L’economista Marco Cattaneo spiega chiaramente come l’UNICA CONDIZIONE che possa causare l’impossibilità di onorare il Debito Pubblico sia quando tale debito è denominato in una valuta non sovrana (estera). Questo in quanto uno stato in grado di emettere la propria valuta potrà sempre emetterne in quantità necessaria ad onorare il debito.
di Marco Cattaneo
Il primo concetto da chiarire è che il debito pubblico può essere espresso in moneta nazionale, oppure in moneta estera.
Nel primo caso, la capacità di emissione dello Stato gli permette sempre di evitare il default sul debito. In effetti lo Stato non si sta indebitando: sta raccogliendo depositi, con un vincolo di scadenza, presso il suo ministero dell’economia.
L’elemento di preoccupazione principale che può insorgere, in questo caso, non è l’insolvenza ma l’eventuale creazione di un eccesso di domanda (nell’ambito dell’economia) che spinge l’inflazione a livelli indesiderati.
In casi estremi, è possibile che uno Stato attui un default volontario su debito in moneta propria, a causa dell’incapacità di venire a capo di un grave eccesso di inflazione.
Ma questo non è assolutamente il problema odierno dell’Italia. L’economia italiana soffre, invece, di una pesantissima insufficienza di domanda, che comporta disoccupazione e sottoccupazione massiccia, sottoutilizzo della capacità produttiva delle aziende, disincentivo a investire, e inflazione troppo bassa (non troppo alta).
In Italia il debito pubblico è un problema perché è stato commesso gravissimo errore di convertirlo in una moneta – l’euro – che l’Italia non emette.
In questa situazione, esiste un concreto rischio di insolvenza.
Ma il rischio d’insolvenza non sparisce se il debito inizia a diminuire, in percentuale rispetto al PIL, rispetto all’attuale 130%. Il rischio default si è manifestato (Irlanda, Spagna nel 2011: debito in euro) o concretizzato (Argentina nel 2001: debito in dollari) anche in paesi dove il rapporto debito pubblico / PIL era al 30-40%.
Se il debito è espresso in moneta estera, non garantito da un ente con potestà di emissione di quella moneta, l’unico livello che garantisce contro il rischio di insolvenza è zero.
E il debito pubblico italiano non può essere portato a zero – ma neanche ridotto in misura significativa rispetto al PIL – adottando politiche che costringono il paese a crescite asfittiche e a soffrire di altissimi livelli di disoccupazione e sottoccupazione.
In questa situazione, il problema non verrà risolto per i prossimi svariati decenni.
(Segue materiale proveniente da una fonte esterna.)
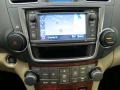 Navigation of 2013 Highlander Limited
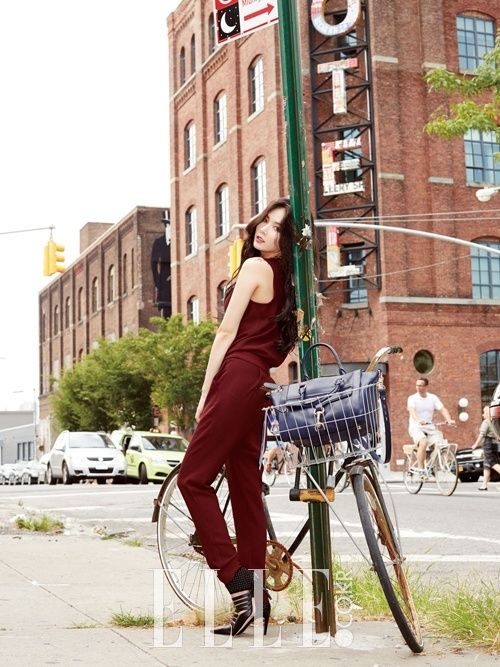 Hyuna for Elle Nov 2014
E il paese continuerà a stagnare economicamente su livelli di attività economica depressa. Non verrà risolto il pesantissimo disagio sociale né la situazione di indigenza in cui si è venuta a trovare una larghissima parte della popolazione.
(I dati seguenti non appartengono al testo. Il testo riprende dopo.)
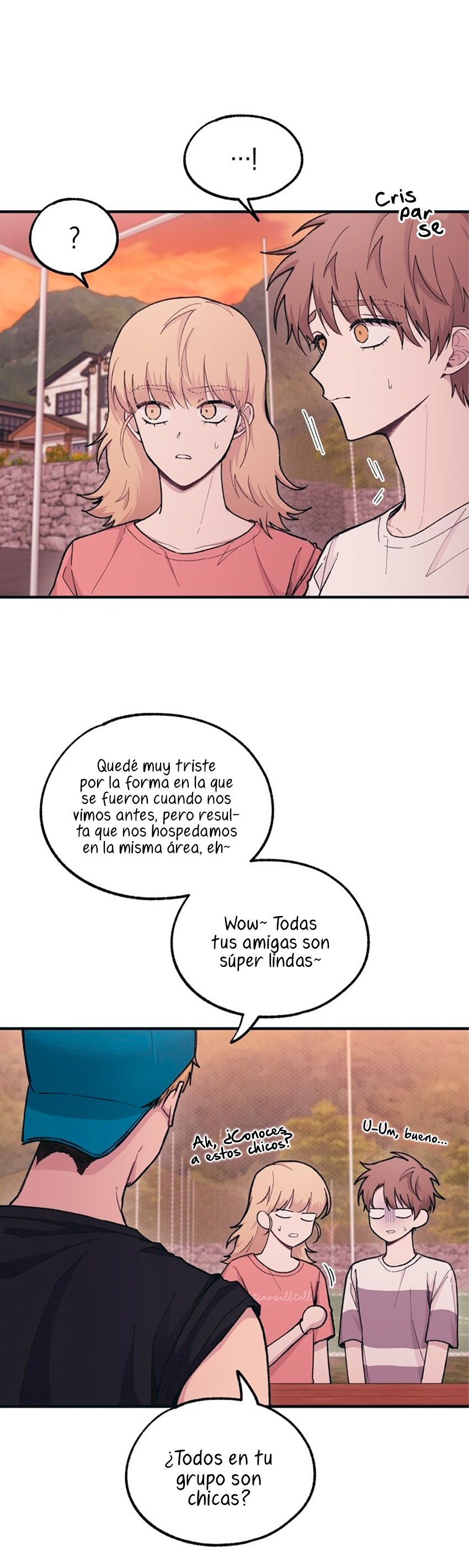 Read La Inocencia de Yeonwoo ES Manga Online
Il problema è invece risolvibile in due modi.
Il primo è la ridenominazione del debito, da euro in moneta nazionale. In pratica, si parla dell’uscita dall’euro mediante breakup. E’ una via complessa operativamente e controversa politicamente.
Il secondo è stabilizzare il debito ai livelli attuali (in valore assoluto) introducendo nell’economia uno strumento finanziario-fiscale che possa anche svolgere funzioni monetarie, in affiancamento all’euro.
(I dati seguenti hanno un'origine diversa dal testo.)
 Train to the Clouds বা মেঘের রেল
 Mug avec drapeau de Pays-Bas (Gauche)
Questo strumento, di cui i CCF sono la modalità tecnica che propongo da svariati anni, non è debito, e non possono crearsi situazioni di mercato finanziario che forzino l’emittente al default.
La forma e la sostanza del Fiscal Compact risultano in tal modo rispettate, perché il debito cessa di aumentare in valore e inizia a scendere rapidamente in rapporto al PIL.
Il whatever it takes della BCE è l’elemento chiave di rassicurazione (dal punto di vista dei mercati) che non si verificheranno tensioni finanziarie, né rischi di default sullo stock di debito che rimane in essere.
Nel frattempo, la discesa del rapporto debito pubblico / PIL è assicurata dal fatto che l’immissione di CCF nell’economia incrementa la domanda interna e migliora la competitività delle aziende, creando le condizioni per una rapida e vigorosa ripresa.